Così la nostra poetessa, oltre a quanto già visto, ribadisce tale visione in altri testi, come Nero e rosa e La canzone. Nella prima creazione prevalgono gli elementi dell’erotismo, ma come beatitudine, non come trasgressione: <<Fra il nero e il rosa, / dove tutto è fertile / e profondo // oscilla il tuo desiderio. // Dolce nei tuoi pensieri, / ami il mio corpo di velluto / per ottenere la rosa…>>. Nella seconda partitura entriamo maggiormente nelle regioni di un sentimento che reclama durevolezza: <<…Il canto / vuol esser luce, / la luce / tempo e verità. / I miei lunghi sguardi / riempiono / l’istante immenso, / archi azzurri / per le mie fresche mani. /…/ La canzone / piena di labbra, / piena di ore, / nata sopra un eterno giorno / mi cambia il cuore. //…/ Nascono rose / dalla mia voce libera /…/ per dire la mia verità di donna: / amore, amore visibile>>.

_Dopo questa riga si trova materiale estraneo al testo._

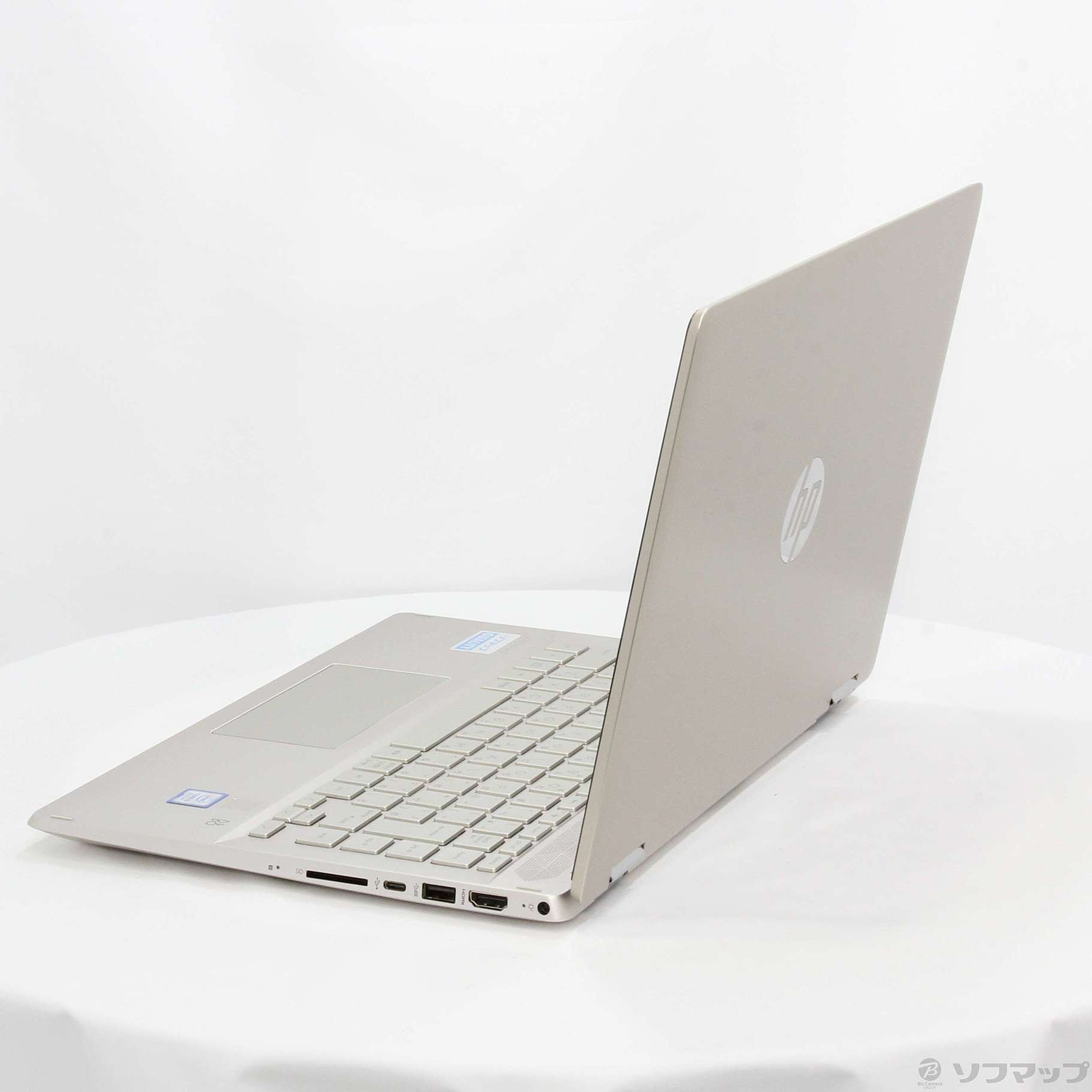 中古】HP Pavilion x360 14-dh0134TU 7QJ82PA#ABJ モダンゴールド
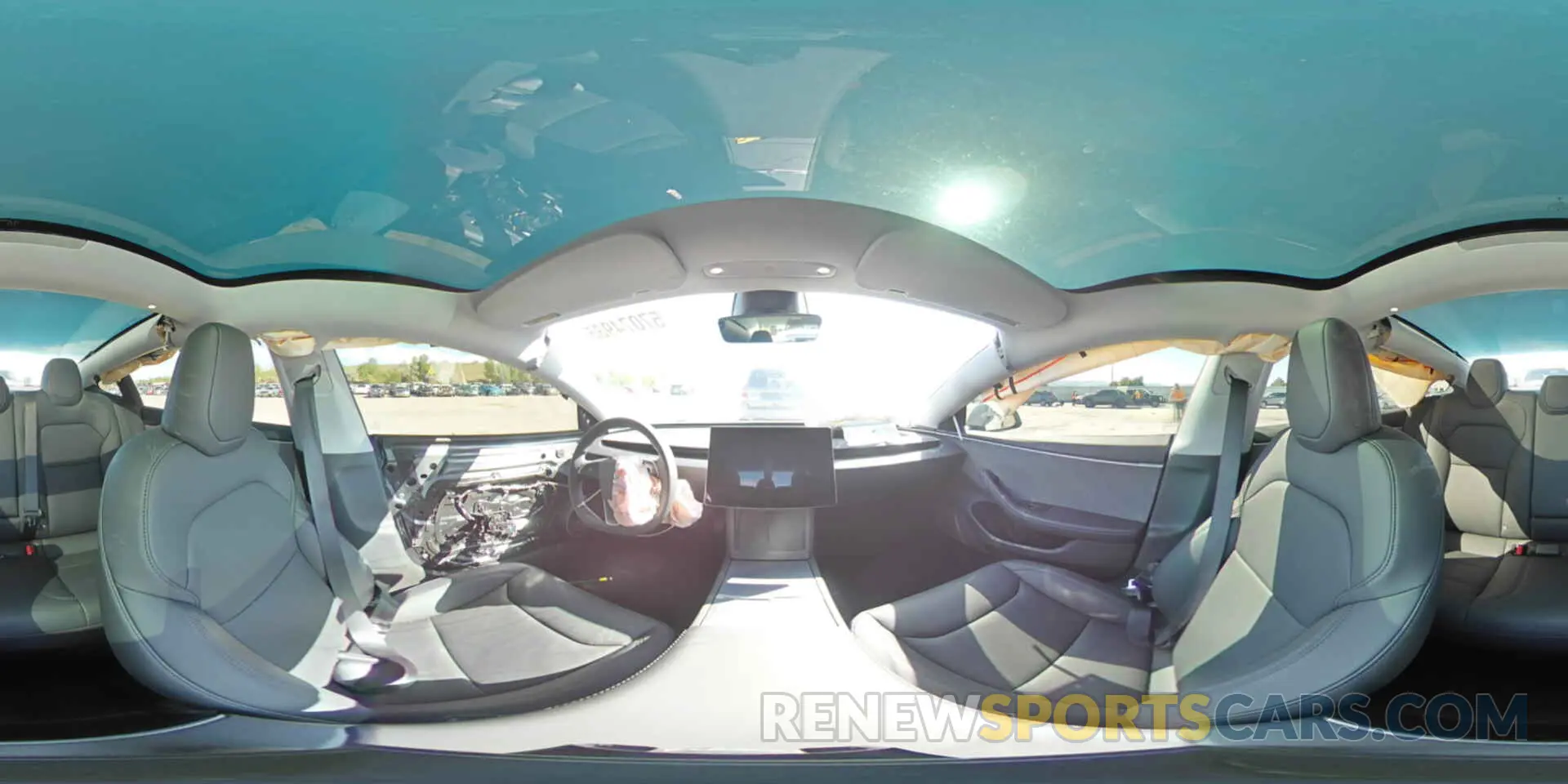 15 Photograph of a damaged car 5YJ3E1EA0SF931348 TESLA MODEL 3 2025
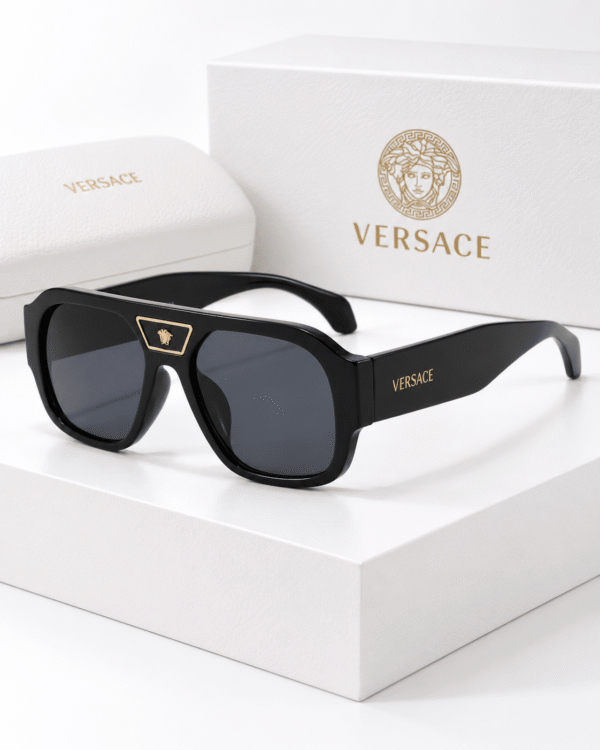 Versace Lentes de sol Cuadrado con Placa Medusa Versace Lentes de sol Cuadrado con Placa Medusa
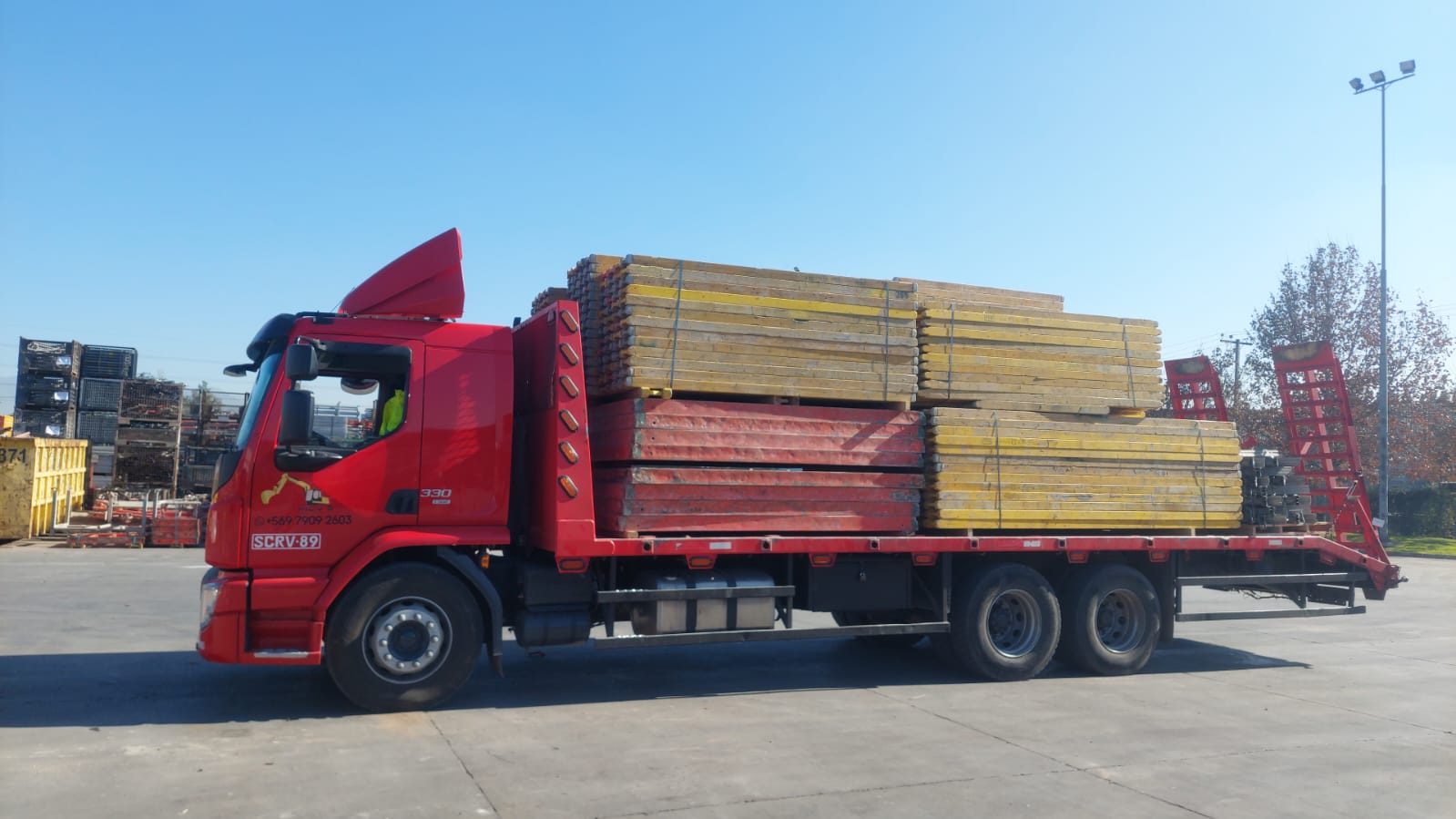 Transporte de gran escala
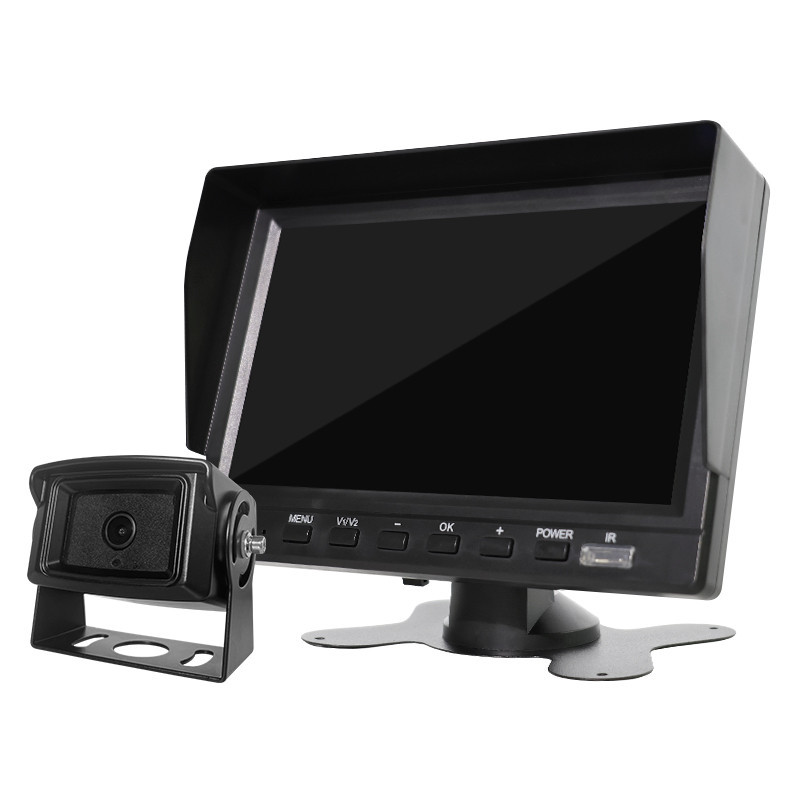 AI Blind Spot Pedestrian Detection AI Backup Camera SystemWith 7inch ...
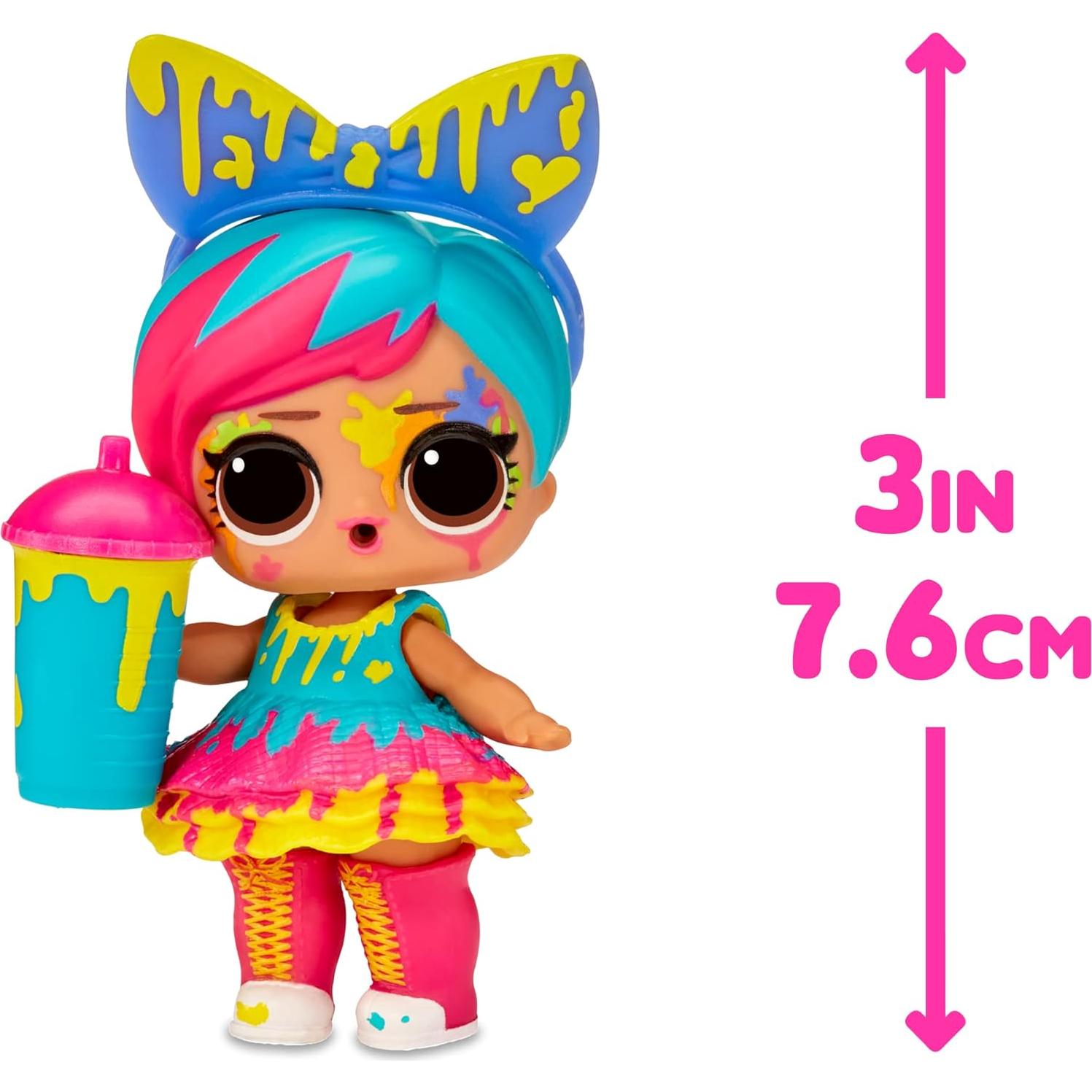 Set de Juego Carro de Arte L.O.L. Surprise! con Muñeca Splatters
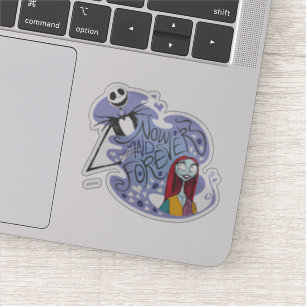 Jack and Sally - Now and Forever Sticker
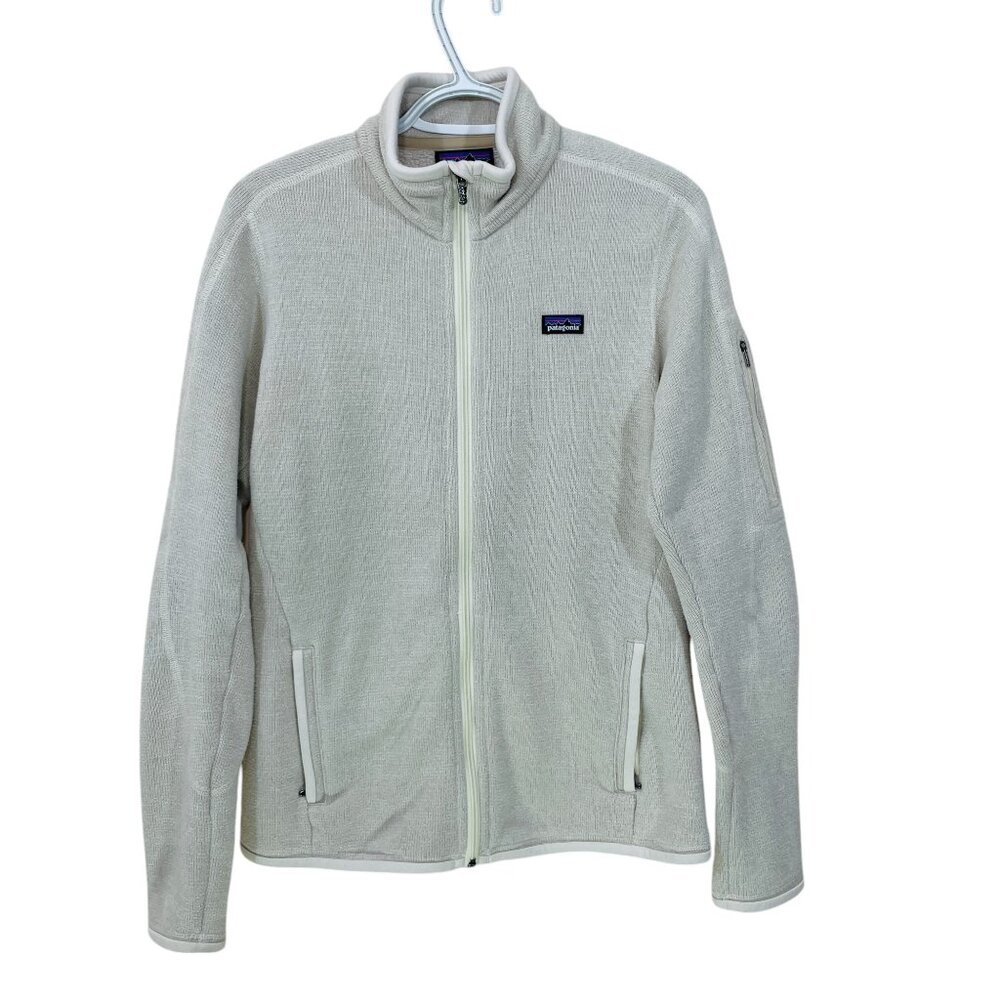 Patagonia Better Sweater Fleece Jacket Women's Size M Sty25541 Full Zip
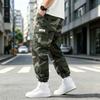 Men's Cargo Pants with Multiple Pockets Joggers Casual Athletic Tapered Sweatpants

Non sarebbe completa l’analisi di Si vive e basta se non ricordassimo almeno due poesie in cui la memoria sopravanza l’ispirazione amorosa per andare alla famosa e proustiana ricerca del tempo perduto. Romanza ci parla di risacche di memorie che sommergono il cuore della poetessa: assomigliano a vele che si confondono sull’orizzonte marino, ma un certo ermetismo non ci consente di capire di più. Scaglie di mare ci trasporta nelle sue estati ormai lontane, dove troviamo il desiderio di vivere un domani fuori dal tempo, e un’atmosfera rarefatta in cui l’unica tangibilità sembra essere <<… l’eco della tua voce>>. Svolta criptica anche in Dimora del tempo, tutta da interpretare nelle sue bivalenze esistenziali e lessicali, nelle sue evocazioni, nei suoi quasi ossimori rilanciati tra le strofe, anch’essi sfumati e volutamente lasciati nell’etere dei non luoghi. Con spunti di surrealismo (<<veggente blu>>, <<vivaio delle comete>> …) chiudiamo questo saggio che ha voluto letterariamente ricongiungere ciò che rappresentano Fiammetta e Laura nell’amore d’ogni epoca.
1 ENZO CONCARDI, Specificità linguistico-espressiva e sguardo soggettivo dell’anima nella poesia di Marinella Cossu, in Storia della Letteratura Italiana, vol. IV, Guido Miano Editore, Milano 2020.
2 JUAN RAMÓN JIMÉNEZ, Sera ultima e serena, in Poesia spagnola del 900, a cura di Oreste Macrì, Guanda, Parma 1961, traduzione di Oreste Macrì.
3 ALDA MERINI, E poi fate l’amore, dal sito: Eroica Feni-ce (eroicafenice.com).